Faulty weirs blamed for severe floods
Catherine Armitage
March 10, 2012
Over $500 million … Roads Minister Duncan Gay’s projected damage bill for this year’s floods. Photo: Adam Hollingworth
THE state government’s failure to responsibly manage the thousands of weirs and levees which impede the flow of waterways has made flooding worse than it should be, says a water governance expert.
Jamie Pittock, of the Australian National University, called for urgent action to rectify or remove hundreds of dangerous, redundant or illegal weirs which he said were “pushing water out of channels and onto flood plains and so inundating areas that might not otherwise be flooding”.
The Roads Minister, Duncan Gay, has put the damage bill for this year’s floods at well over $500 million, and weather forecasts predict even worse weather for next month.
A NSW government review of weirs starting in the late 1990s found there were 3328 licenced structures built on the state’s waterways.
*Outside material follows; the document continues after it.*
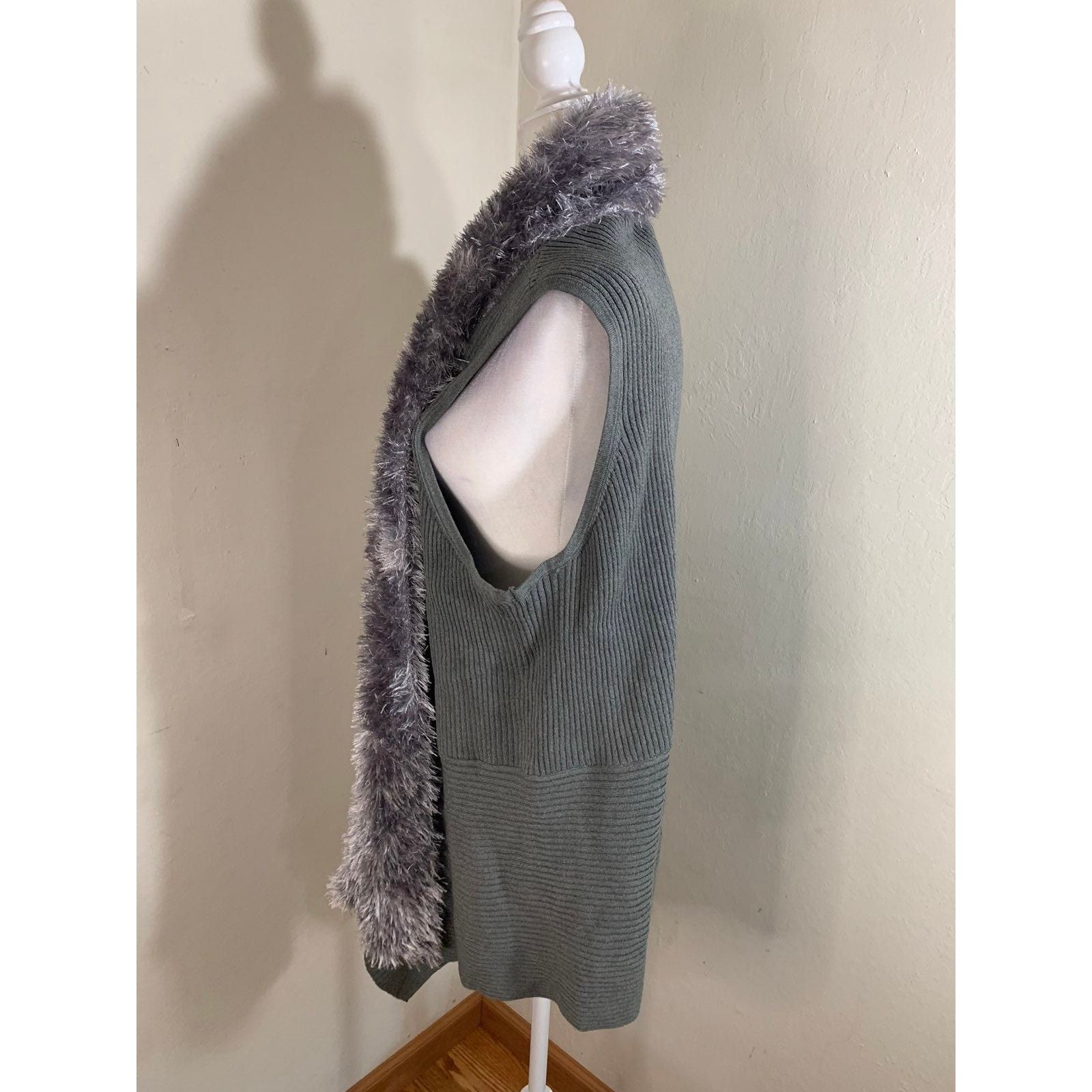 Other Lauren Michelle Faux Fur Vest (onesize) Size ONE SIZE - 8 Thumbnail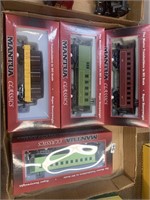 HO SCALE TRAINS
Of the 882 inspected, one-third were assessed as in need of removal, modification or better management to reduce adverse impacts.
Applying this one-third ratio to the total number of licenced weirs (not just those inspected) suggests as many as 560 weirs might require removal, modification or better management. However, by 2008, according to Dr Pittock’s figures, only 57 had been removed or modified. These figures do not include unlicenced or illegal weirs, the number of which is not known.
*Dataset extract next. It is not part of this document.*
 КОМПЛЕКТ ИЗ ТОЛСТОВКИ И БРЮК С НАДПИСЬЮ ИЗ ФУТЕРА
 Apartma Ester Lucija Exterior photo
The government relied largely on voluntary action by the infrastructure owners such as farmers and local councils to make improvements, Dr Pittock said, but two-thirds of the known weirs had licences without expiry dates, making intervention difficult. In addition there were legal and financial barriers to removing abandoned, ownerless and illegal weirs. A powerful regulatory system was needed to enforce the necessary improvements, said Dr Pittock, who is director of international programs for the UNESCO chair in water economics and transboundary water governance at the university.
“The fact that there are so many of these structures out there that the NSW government itself recognises are redundant or dangerous or their records are inaccurate, tells us they are not being competently regulated. You can’t manage what you can’t measure,” Dr Pittock said.
The Herald called the Office of Environment and Heritage and the Office of Water, the Environment Minister, Robyn Parker, and the Minister for Primary Industries, Katrina Hodgkinson, seeking comment. A spokeswoman for the Minister for Primary Industries said weirs were ”managed by a variety of sources, it could be State Water, it could be local councils, it could be a range of people”. A spokeswoman for the State Water Corporation said: ”All of State Water’s weirs are licenced and all of our weirs are managed under an asset management plan.”
The flood management system needed to be re-engineered to remove bottlenecks created by antiquated levee systems, Dr Pittock said. He also called for the restoration of ancient flood plains, such as those along the Danube in Europe, to be secondary channels during flooding which could catch flood peaks and release floodwater slowly. While the cost would run into hundreds of millions of dollars, it would be “less expensive than the damage from the sort of floods we are seeing”, he said.